'Dear Gerald,—I have some surprising news for you; but I hardly think that you will be more surprised than I was. I am going to marry Mr. Kane. I accepted him some days ago, but have been getting used to the idea since then, and you are the first person, after Aunt Grizel, who knows. It will be announced next week and we shall probably be married very soon after you and Althea. I hope that both our ventures will bring us much happiness. The more I see of Mr. Kane, the more I realise how fortunate I am.—Yours affectionately,
'Helen.'
Althea gazed at these words. Then she turned her eyes and gazed at Gerald, who was not looking at her but straight before him. Her first clear thought was that if he had received a shock it could not be comparable to that which she now felt. It could not be that the letter had fallen on his heart like a sword, severing it. Althea's heart seemed cleft in twain. Gerald—Franklin—it seemed to pulse, horribly divided and horribly bleeding. Looking still at Gerald's face, pallid, absorbed, far from any thought of her, anger surged up in her, and not now against Gerald only, but against Franklin, who had failed her, against Helen, who, it seemed, did not win love, yet won something that took people to her and bound them to her. Then she remembered her unread letters, and remembered that Franklin could not have let this news come to her from another than himself. She drew out his letter and read it. It, too, was short.

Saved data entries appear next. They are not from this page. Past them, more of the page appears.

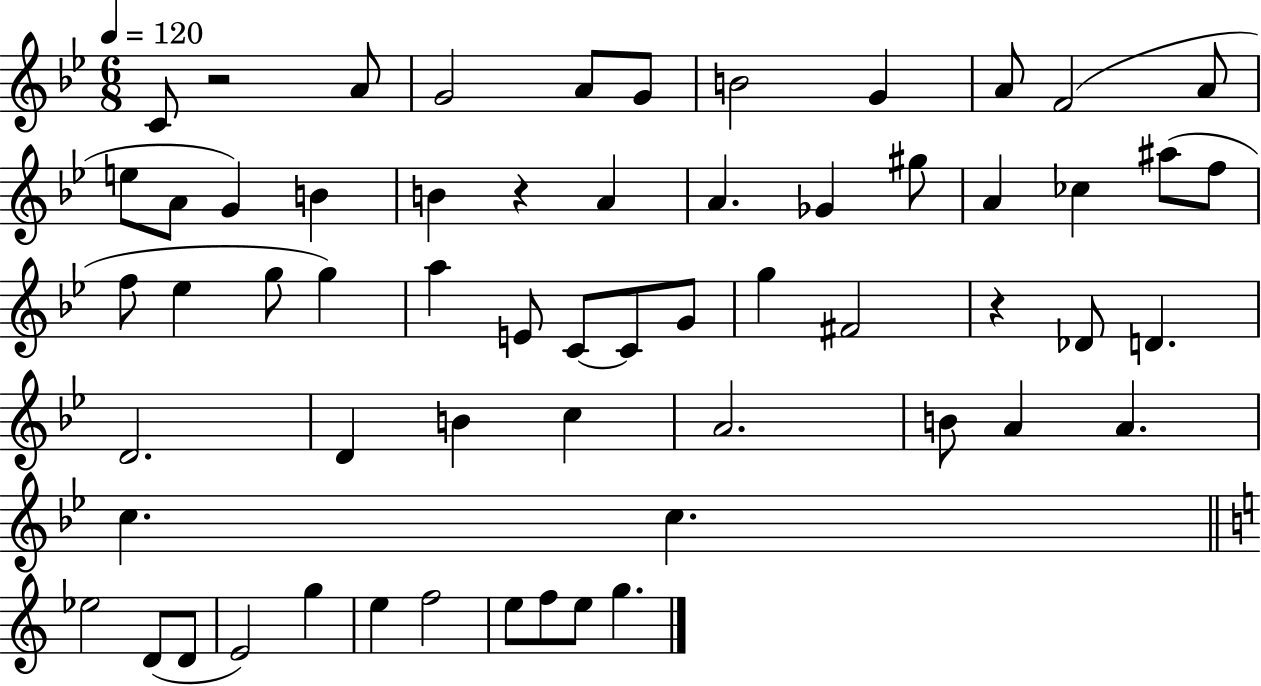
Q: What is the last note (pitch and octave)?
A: G5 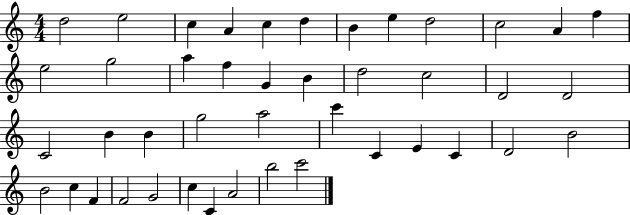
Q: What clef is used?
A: treble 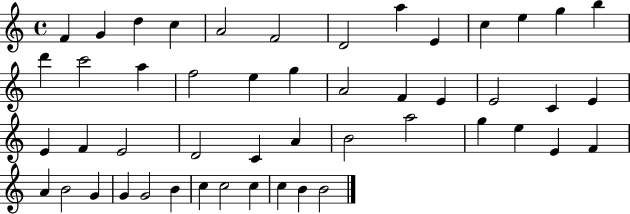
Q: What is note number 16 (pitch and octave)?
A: A5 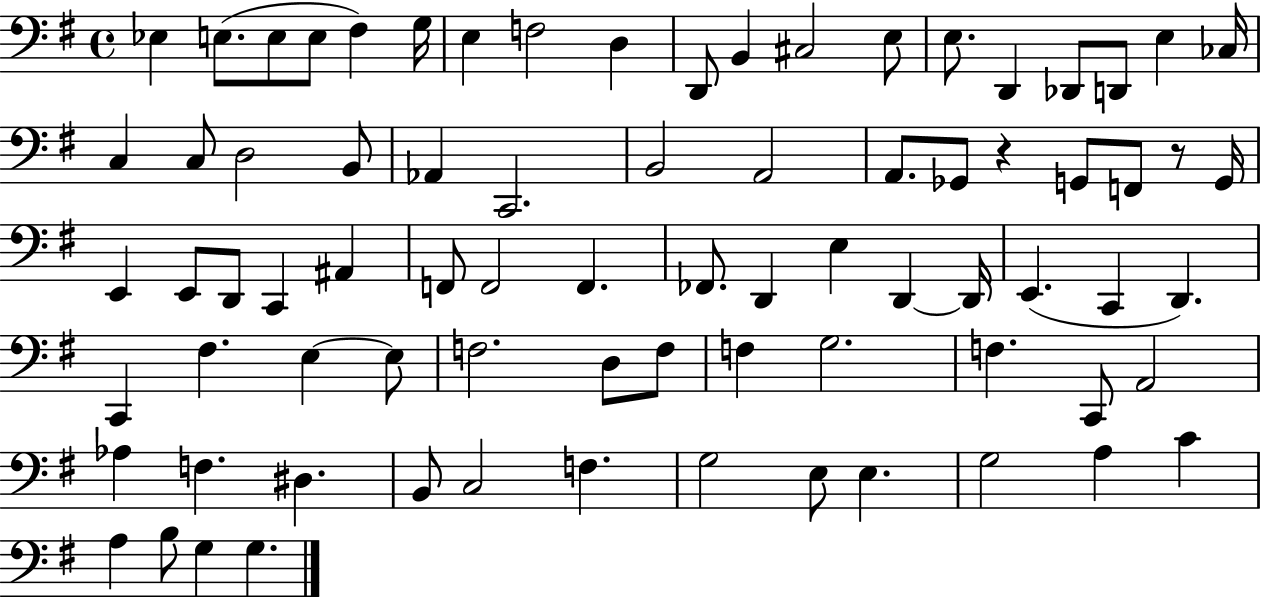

'Dearest Althea,—I know how glad you'll be to hear that happiness, though of a different sort, has come to me. Any sort of happiness was, for so many years, connected with you, dear Althea, that it's very strange to me to realise that there can be another happiness; though this one is connected with you, too, and that makes me gladder. Helen, your dear friend, has consented to marry me, and the fact of her being your dear friend makes her even dearer to me. So that I must thank you for your part in this wonderful new opening in my life, as well as for all the other lovely things you've always meant to me.—Your friend,
'Franklin.'
Althea's hand dropped. She stared before her. She did not offer the letter to Gerald. 'It's incredible,' she said, while, in the heavy mist, they walked along the road.
Gerald still said nothing. He held his head high, and gazed before him too, as if intent on difficult and evasive thoughts.
'I could not have believed it of Helen,' said Althea after a little pause.
At this he started and looked round at her. 'Believed? What? What is that you say?' His voice was sharp, as though she had struck him on the raw.
Althea steadied her own voice; she wished to strike him on the raw, and accurately; she could only do that by hiding from him her own great dismay. 'I could not have believed that Helen would marry a man merely for his money.' She did not believe that Helen was to marry Franklin merely for his money. If only she could have believed it; but the bleeding heart throbbed: 'Lost—lost—lost.' It was not money that Helen had seen and accepted; it was something that she herself had been too blind and weak to see. In Helen's discovery she helplessly partook. He was of value, then. He, whom she had not found good enough for her, was good enough for Helen. And this man—this affianced husband of hers—ah, his value she well knew; she was not blind to it—that was the sickening knowledge; she knew his value and it was not hers, not her possession, as Franklin's love and all that Franklin was had been. Gerald possessed her; she seemed to have no part in him; how little, his next words showed.
'What right have you to say she's taking him merely for his money?' Gerald demanded in his tense, vibrant voice.
Ah, how he made her suffer with his hateful unconsciousness of her pain—the male unconsciousness that rouses woman's conscious cruelty.